Об Айтматове 1970-х можно сказать: несчастный создатель киргизской Моны Лизы. И в то же время — невероятно популярный, общенародно любимый, массово издаваемый и пристрастно читаемый писатель, осыпанный всеми мыслимыми и немыслимыми наградами и премиями. По всем внешним признакам, — баловень судьбы, избранник фортуны, любимец женщин, почти открыто выражавший свою интимную привязанность к красавице-балерине и в то же время долго и мучительно не осмелившийся уйти от первой жены. Отсутствие внутреннего спокойствия, душевной гармонии отражалось даже на его лице: уже к сорока годам оно покрылось сетью морщин, он поседел и даже немного сгорбился. Сделавшиеся хрестоматийными грустно-ироничные слова Расула Гамзатова: «Дорогая Фатимат! Сижу в Президиуме, а счастья нет» — мог бы повторить и Айтматов.
Но главным, что занимало его, художника с отчётливо имперским стилем мышления, был космос — как образ того, что обычно именуют тоталитаризмом, зомбирующим человека. Помнится, он однажды поделился со мной впечатлением от огромного стадиона — набитого до отказа болельщиками, гудящего, как взбесившийся ослеплённый циклоп, где люди, недовольные проигрышем любимой команды, готовы были с остервенением броситься друг на друга. Это зрелище по-настоящему поразило Айтматова. Оно даже подсказало ему сюжет романа с условным названием «Стадион и флейта», отражающим мысли и ощущения, связанные с тотальной манипуляцией человеческого разума, что ведёт к агрессии, террору, социальной, расовой, политической нетерпимости. Теперь, когда мир охвачен пожаром терроризма, межрелигиозными, межцивилизационными распрями, особенно остро ощущаешь пророческий дар киргизского писателя.

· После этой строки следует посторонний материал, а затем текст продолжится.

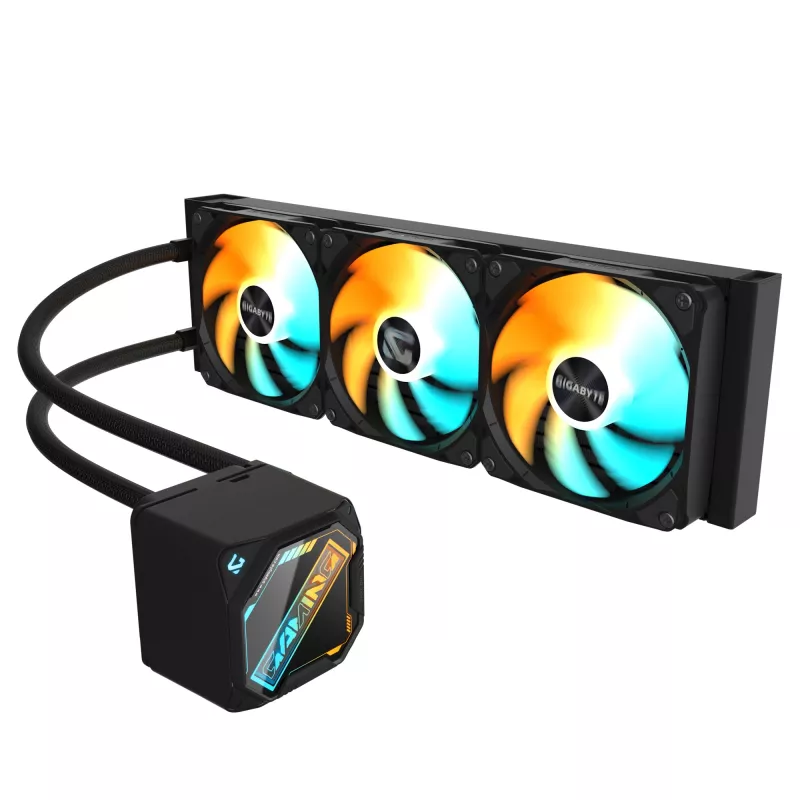 GIGABYTE GAMING 360 skysčio CPU aušintuvas- 3x120mm ARGB ventiliatoriai, įstumiamas fiksavimo mechanizmas, DAISY-CHAIN, suderinamas su Intel LGA 1851 ir AMD AM5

К роману «И дольше века длится день», вышедшему в 1980 году, Айтматова привела вся его жизнь, весь опыт художника, человека, гражданина. Это масштабное полотно о сути тоталитаризма, насыщенное давними наблюдениями и мыслями о индивидуальной и народной памяти. Это тема возникает уже в «Первом учителе», героя которого Георгий Гачев назвал киргизским Прометеем, и продолжается, хотя и подспудно, в повести «Прощай, Гульсары!». Но на рубеже 1970—1980-х годов эта проблематика — так называемые запретные темы, «белые страницы» истории как киргизского, так и других народов Союза, трагедия исчезающих языков и традиций — обрела в его творческом сознании особую остроту.
В эту пору в советском обществе наблюдались процессы, имевшие не временный, не преходящий, а глубинный, фундаментальный характер. Ценностные ориентиры начали меняться достаточно быстро, и чем дальше, тем отчётливее ощущались сомнения в бесспорности советских догматов. В то же время официальная пропаганда вещала о развитом социализме, за которым должен наступать век коммунизма — общество всеобщей гармонии и венец мировой истории, декларировалось, что сформировалась новая историческая общность — советский народ. Писателей призывали «достойно отразить» эту новую действительность, представить образ советского человека во всей его величественной полноте.
Пройдёт всего несколько лет, и газеты, почувствовавшие в эпоху перестройки и гласности вкус свободы и относительного либерализма, будут писать о советском человеке, выросшем на советских учебниках истории, особенно истории КПСС, простаивавшем в бесконечных очередях за всем, в том числе за томящимися в неволе книгами.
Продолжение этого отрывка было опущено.